Thomas Ivacko is the administrator and program manager of the Ford School's Center for Local, State and Urban Policy. He oversees the Michigan Public Policy Survey program.
The most recent Michigan Public Policy Survey here at the Ford School asks about the personal property tax in Michigan. This is a tax on businesses in the state. It is not on their property in terms of land and buildings, instead it is on personal property like equipment, furniture, computers, artwork and so on. We ask local leaders how important it is for their budget and what we find is 51 percent of leaders say the personal property tax is an important source of revenue. That goes up significantly for the state’s largest communities, 83 percent of them say it is important for their funding.
There are lots of arguments against the personal property tax, arguments that it is too complex, that it penalizes economic development and so on. What we find is that Michigan’s local government leaders are pretty well split over these arguments. About 42 percent of them think indeed its difficult to administer because it is so complex, so there are concerns about it. But at the end of the day more of these local leaders think that the revenue, the tax rate is worth the difficulties that it presents.
Overall about three-quarters, 74 percent, of Michigan’s local leaders would be OK with eliminating the personal property tax but only if the revenues are replaced in full. If the State replaces less than the full amount, even if they replace most of it, support drops sharply down to about 44 percent.

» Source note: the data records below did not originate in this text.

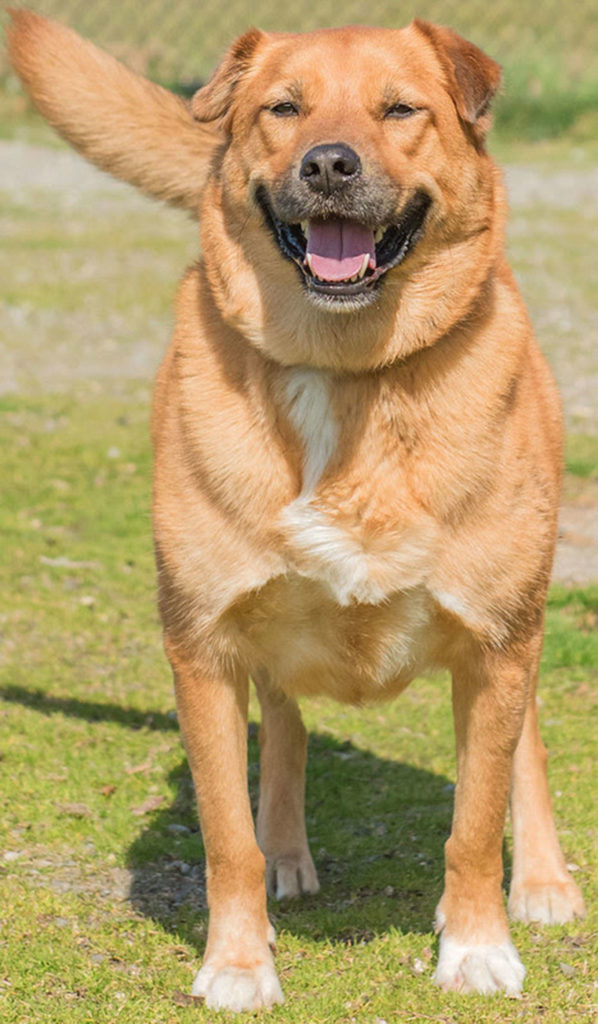 Zeus has been passed through homes a little and is now looking for his forever home. Zeus is a lovely boy and as a chow mix his new adopters should be aware of the breed. Zeus needs an adult only home and a meet and greet with any resident dogs. He needs to be with a more submissive but confident dog and he is a vocal player. No cats. (Curt Story/Everett Animal Shelter)
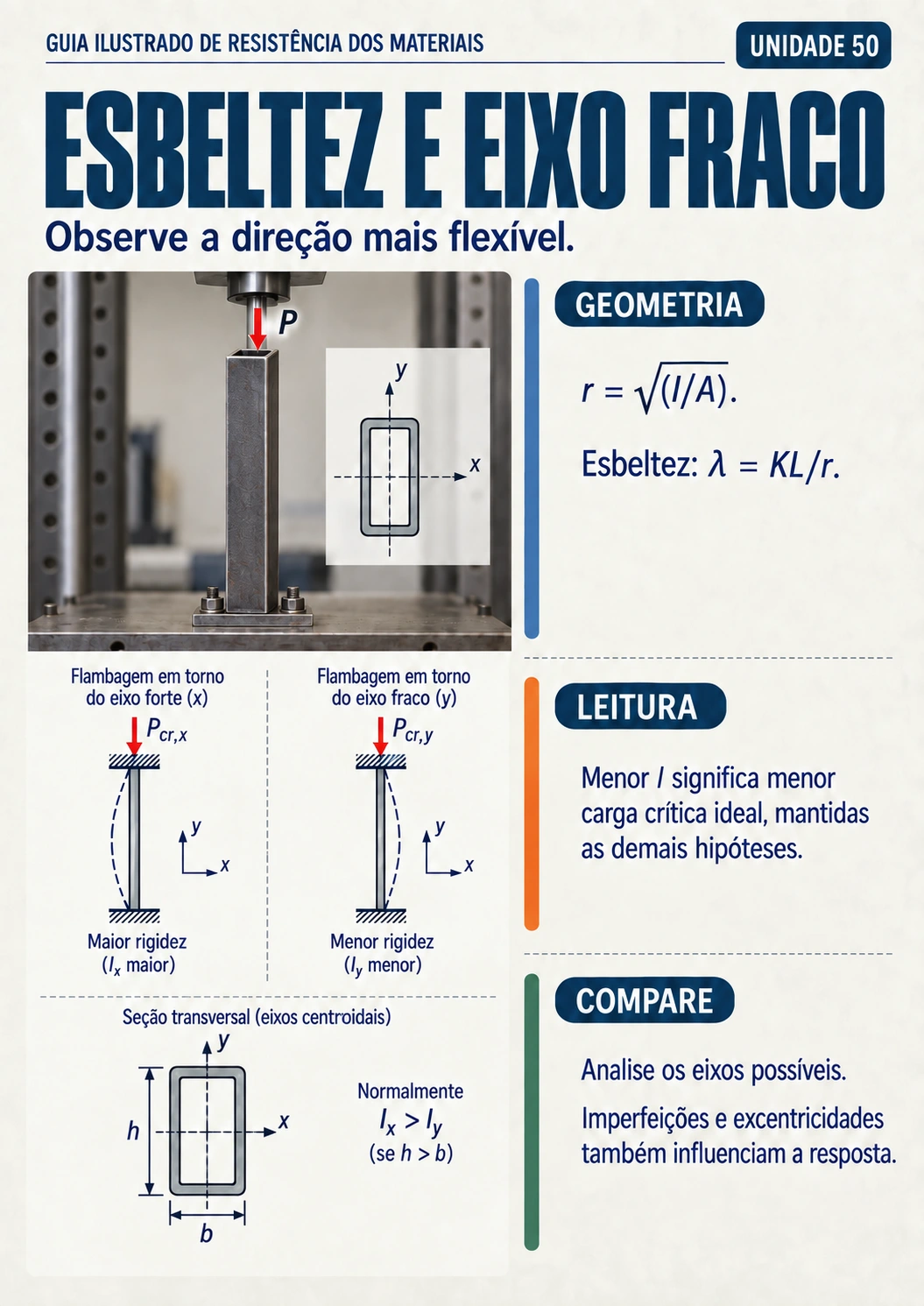 Prévia 6
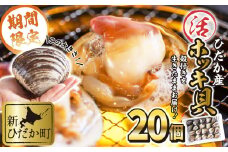 ＜ 11月中旬より順次発送 ＞ 北海道産 活ホッキ 貝 20個 ホッキ 北寄 北寄貝 貝 殻付き 海鮮 海産物 新鮮 旬 ＜ 予約受付 ＞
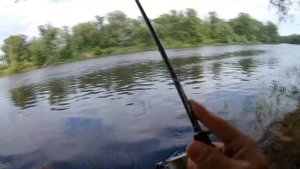 Ловля щуки весной. Микроджиг на Северском Донце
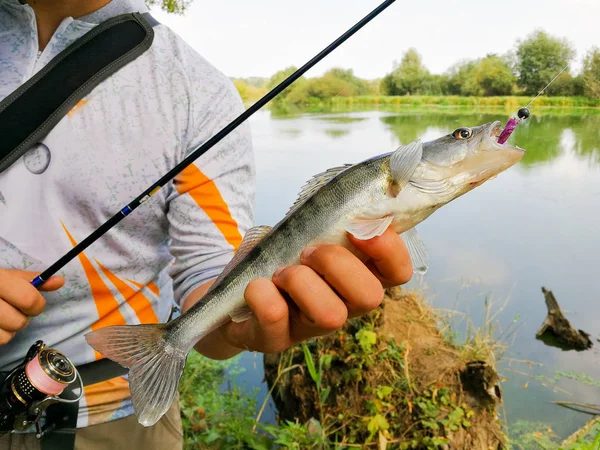 Visser gevangen een vis houden in zijn hand — Stockfoto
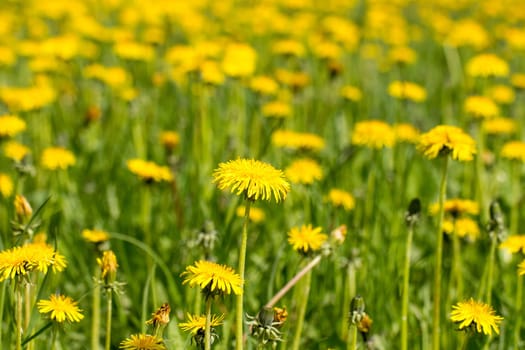 Field of yellow dandelions flowers. Shallow DOF.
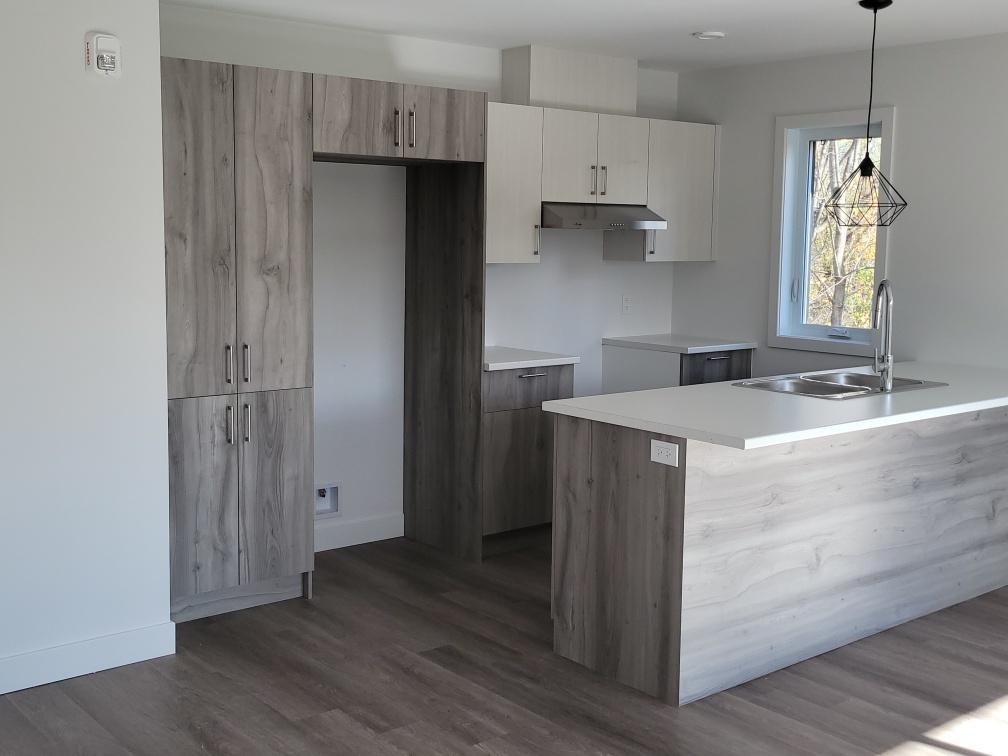 Châteauguay - 4 1/2 disponible maintenant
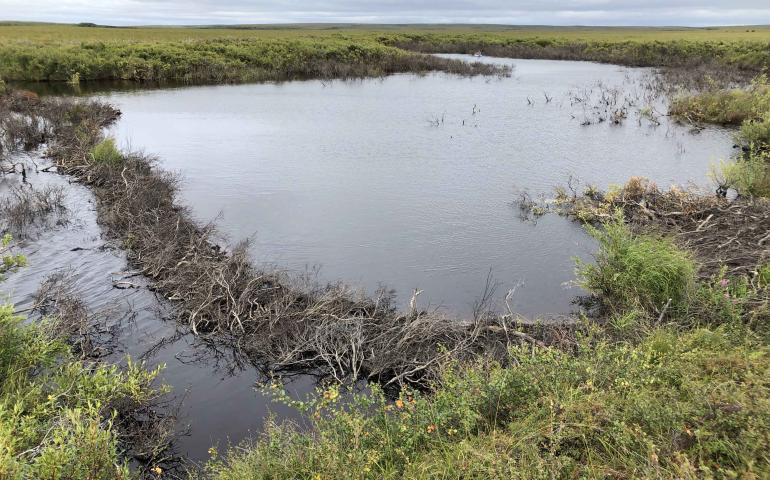 A recently created beaver dam creates a pond on the Baldwin Peninsula near Kotzebue, Alaska, in August 2022. A beaver lodge sits on the pond edge to the right. Photo by Ken Tape.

And among the state’s largest jurisdictions, the ones that say the revenue is important, it drops even further, only about 23 percent would support eliminating the tax with partial replacement.
There is concern that the state won’t follow through on replacement funding. About 67 percent of leaders don’t trust the State to do that in the long run and so about 68 percent overall of these leaders think that any replacement revenue should be handled locally. They should raise it locally and retain it there rather than running through the state.